The probability of people wanting to move within Amsterdam decreases with age and is an important factor across all ethnicities. The risk for native Dutch to state a moving wish within the city (versus staying in their current dwelling) is 61 percent lower for middle aged people and 78 percent lower for old people compared to the young (controlling for the other variables). Interestingly, old non-Western migrants are more inclined to move within Amsterdam than their native counterparts with a 60 percent lower risk to move (versus “stay”) relative to young non-Westerners. This could possibly be attributed to their overrepresentation in the social housing sector and the resulting higher level of dissatisfaction with their housing situation. At the same time older natives and Western migrants could already have found housing that suits their needs by renting in pricier segments or buying a house or an apartment.

Whether the respondents are male or female is statistically insignificant for almost all the groups and their preferred moving destinations with a few exceptions. Notably, there are low levels of significance indicating that non-Western women are more inclined to move within Amsterdam (relative to “stay”), native woman have a stronger wish to move to the suburbs while having lower preference for long-distance moves than their respective male counterparts.

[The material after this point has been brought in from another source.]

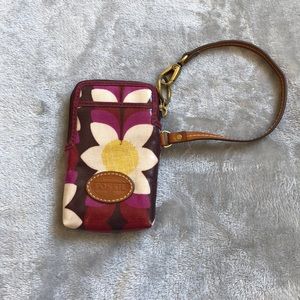 fossil wallet/small phone holder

With higher levels of education people are increasingly inclined to move. There is 67 percent higher chance for highly educated native Dutch of wanting to move within Amsterdam compared with lower educated natives. Interestingly, the effect of education on natives preferring the suburbs as place of residence is insignificant. An urban lifestyle might especially appeal to highly educated natives (van Diepen & Musterd 2009) while less educated natives are in equal parts tied to suburban living (Karsten 2007). For non-Western migrants, on the other hand, education increases the propensity to move to the suburbs significantly as highly educated non-Westerners are 173 percent more likely to state their inclination to move there than their lower educated counterparts. This pinpoints to the interpretation that living in the suburbs is a particularly aspired goal for the social climbers among non-Western migrants in contrast to natives and western migrants where such an effect cannot be observed. Highly educated people among all ethnic groups are about three times more likely (relative to the lower educated) to state a preference for long-distance moves, which are commonly considered to be job related.

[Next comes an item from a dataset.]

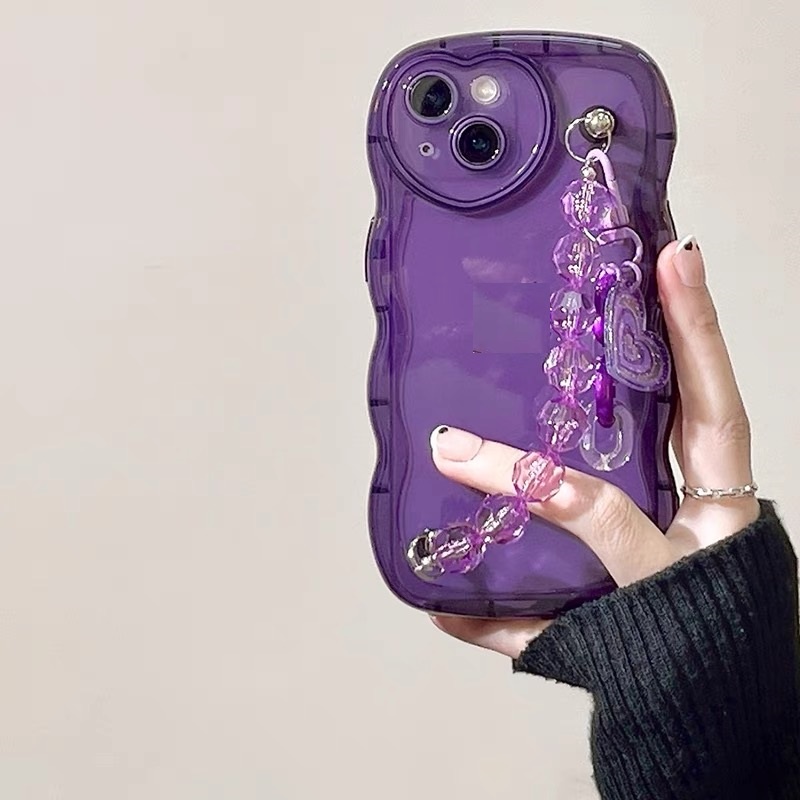 Ốp Điện Thoại tpu Mềm Trong Suốt Họa Tiết Trái Tim Phối Dây Xích Cho Iphone 12 pro max 11 pro max xs max xr x 13promax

There is little to no significance indicating that higher income increases the moving propensity of Western and non-Western migrants. In contrast, native Dutch in the highest income category are 36 percent more likely to move within Amsterdam and 63 percent more likely to move to the suburbs than natives in the lowest income category. Long-distance moves are not more likely for the high-earners in relation to the lowest income categories across all ethnic groups.